Price is a key factor, with the average single desk in an SE1 office coming in a staggering 42% cheaper (£450 per month vs. £770), but we think it’s about more than that. Read on to find out what’s behind SE1’s rise to prominence.
We spoke to Donald Campbell of Team London Bridge, who immediately cited the unique business population in the area: “SE1 and in particular London Bridge offers a vibrant, cultural place to work that isn’t the sole domain of any one type of industry. Lawyers and finance professionals rub shoulders with artists and designers to create a business destination that people want to work in as well as explore and enjoy”.
Indeed, within the Shard alone you’ll find:
- Kraft Heinz
Everything from Ketchup to cocktails - all in one building. Now imagine this, realised across several square miles. Indeed, within SE1 you will find 7% of the capital’s limited companies. We think this is remarkable for a single postcode in the whole of Greater London.
What’s more, within this small section of the capital, you will find no fewer than four business improvement districts:
All of these organisations are dedicated to ensuring the area remains, and indeed develops, as a brilliant place in which to do business. Collectively, they have a collectively holistic approach to business support, taking a role in everything from direct promotion of local enterprises to clean air initiatives, as well as direct involvement in key developments, such as the Low Line project (more on this later).
Put simply, very few areas of the city offer transport links that can match SE1. There are two major rail hubs; London Bridge and London Waterloo, with Clapham Junction also located just south of the area. This means SE1 offers fast rail links to huge swathes of the south of England.

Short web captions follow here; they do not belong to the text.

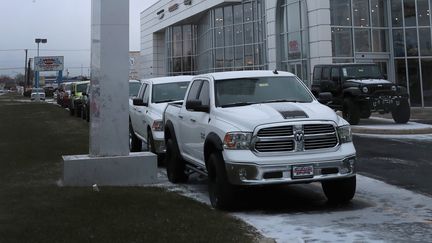 Des voitures RAM 1500 sont vendues&nbsp;à&nbsp;Elmhurst, dans l'Illinois, le 12 janvier 2017, alors que deux modèles du&nbsp;groupe automobile&nbsp;Fiat Chrysler sont accusés d'émissions excessives de polluants. (SCOTT OLSON / GETTY IMAGES)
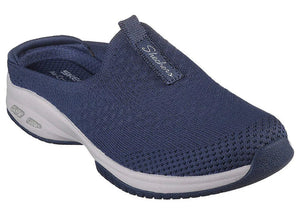 SKECHERS Relaxed Fit: Active Commute Time - Snuggle VIbes - Footcourt Egypt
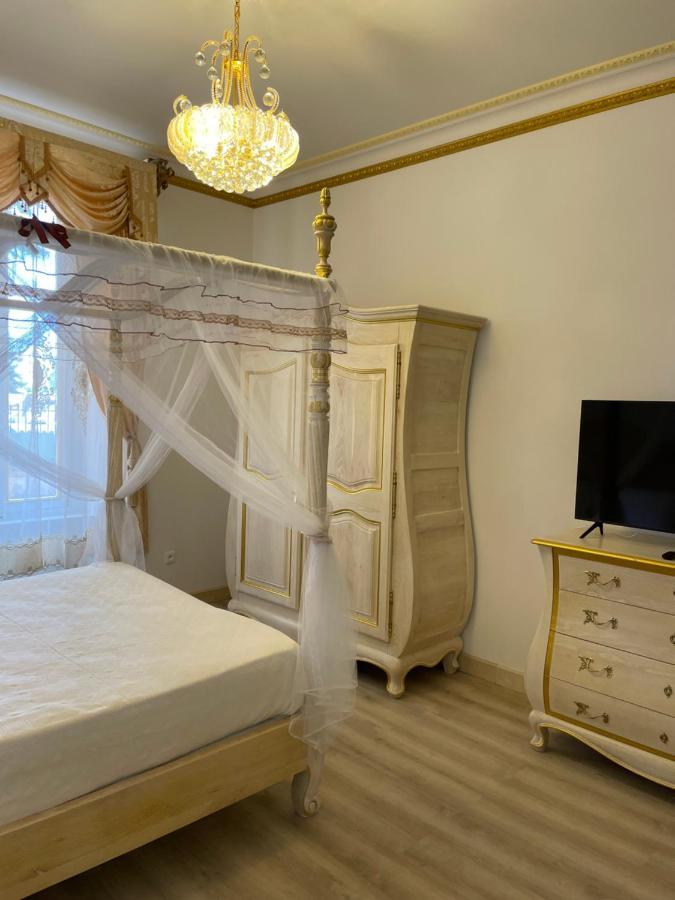 Chambre A Baldaquin Maison De L'Eglise Du Couvent Narbonne Exteriör bild
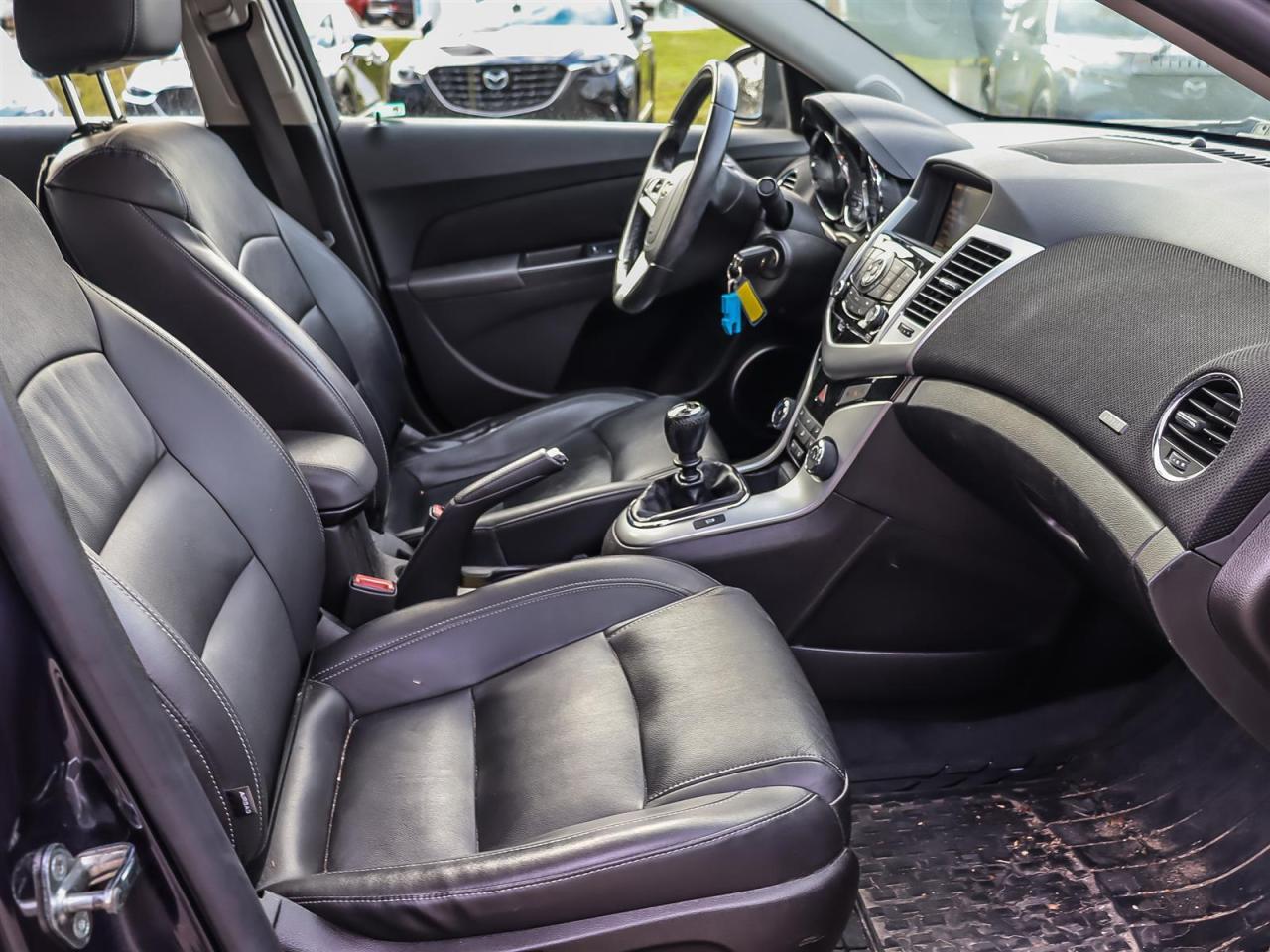 2016 Chevrolet Cruze AUTO LOW KM Photo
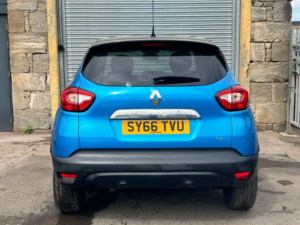 2016 Renault Captur 0.9 Tce Energy Dynamique S Nav SUV 5dr Petrol Manual Euro 6 (s/s) (90 Ps) in Blue — image 6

Things are going to keep getting better, with London Bridge station in the middle of a £700-million redevelopment, scheduled for completion in 2018. The changes will bring about almost an entirely new complex, with up to 18 trains set to run through this high-footfall hub every hour.

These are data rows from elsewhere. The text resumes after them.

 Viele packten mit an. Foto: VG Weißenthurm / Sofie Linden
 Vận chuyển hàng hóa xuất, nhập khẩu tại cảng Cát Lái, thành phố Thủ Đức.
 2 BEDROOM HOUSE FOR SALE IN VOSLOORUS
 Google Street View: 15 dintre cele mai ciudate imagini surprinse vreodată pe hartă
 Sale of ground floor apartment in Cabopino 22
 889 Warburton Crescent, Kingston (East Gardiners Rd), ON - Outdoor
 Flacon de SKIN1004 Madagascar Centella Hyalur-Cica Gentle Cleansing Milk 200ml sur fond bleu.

The same is true for the area’s underground connections; SE1 manages to escape any south-of-the-river tube scarcity. The Jubilee, Bakerloo and Northern (both Bank and Charing Cross) branches, serve the postcode at key locations. There is also the Waterloo and City line, for those brief journeys across to the Square Mile.

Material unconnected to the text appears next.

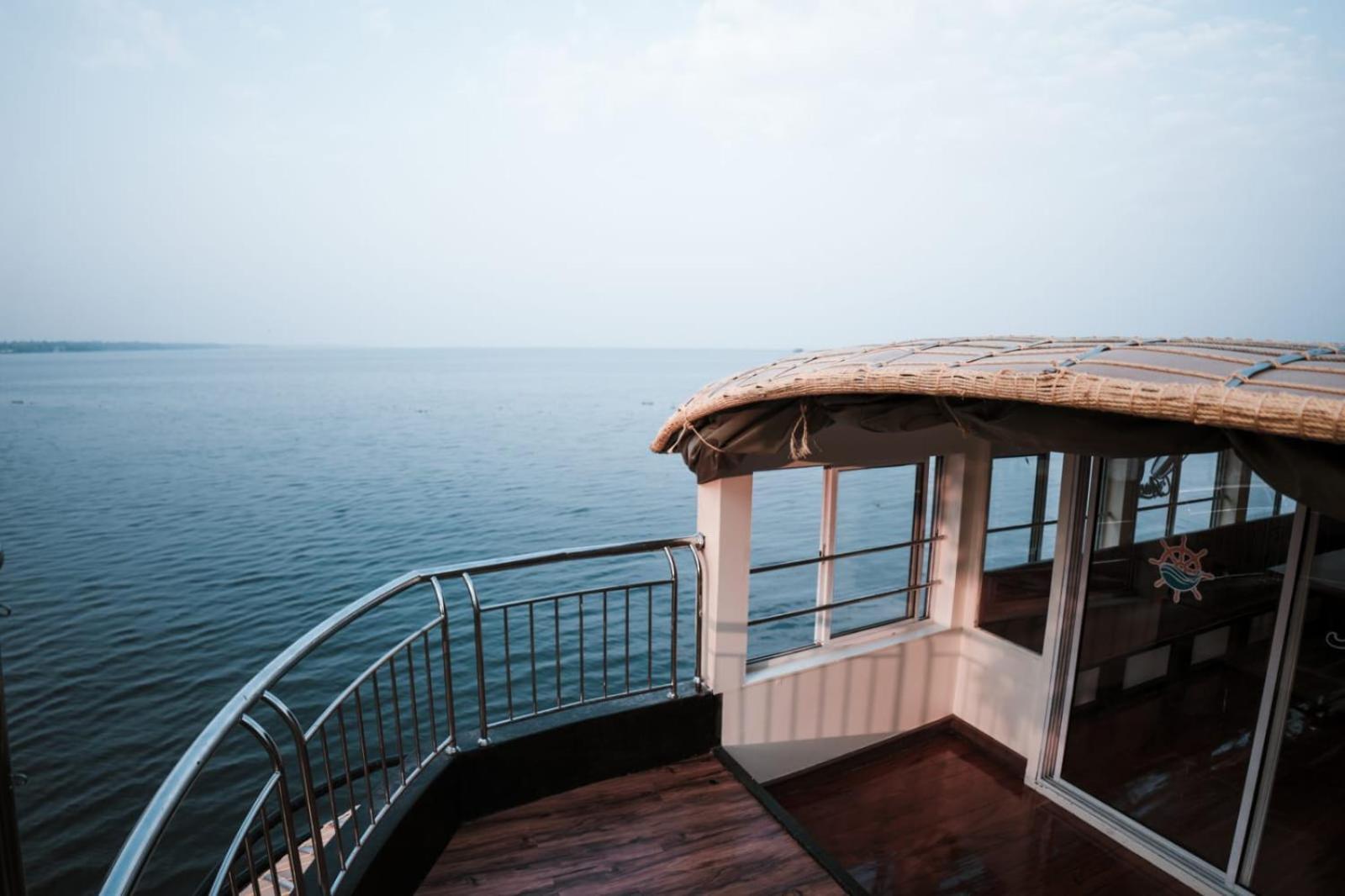Venice Premium Houseboats Alleppey Alappuzha Екстериор снимка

Towering over London Bridge station is the 301-metre-high Shard; it makes for arguably the most impressive arrival into the capital (check out our advert for space within the shard, if you fancy a piece of the action). The building’s opening in 2013 represented the area’s coming of age; the point at which it made the step up into an internationally-recognised business destination, to rival the very best the capital has to offer.
But it’s not all about what’s happening up high, there’s arguably more interesting stuff happening at ground level. Donald Campbell highlighted the Low Line project: “The development of the railway arches running from Bermondsey to Waterloo – is of particular importance to start-ups and SMEs as it will bring a new wave of businesses into an area that truly welcomes innovation and entrepreneurship.” The project will only add to the ever-increasing abundance of top-class commercial space we are seeing develop monthly, right here on Office Genie.
…Because it’s not just all about work. What’s more important than the eye-catching nature of SE1’s skyline, is what these buildings contain. The Tate Modern, Shakespeare’s Globe, the National Theatre, the London Eye, the Southbank Centre, we could go on; SE1’s Southbank to-do list reads like a Tripadvisor ‘Ten best’.
Of course, most might not take advantage of such abundance, particularly on a daily basis, but nonetheless these are indicators of true vibrancy, in area that has a significant case for being the cultural heart of the capital. This can only be a good thing.
Perhaps more immediately of interest: For the peckish, Borough market is our favourite eatery in the whole of the capital (and as close to a free lunch as a confident sample-seeker can find).
After work, there are more top-class pubs than are entirely necessary. If we had to choose we’d go for Mug House, a tiny place tucked away beneath London Bridge, perhaps most suitable for the smallest of small businesses (or for anyone who wants bangers, mash and a pint for £12.95).
So, SE1 offers the best food, the best pubs, the best art and culture and, clearly, the best value, most-popular offices. What’s not to like?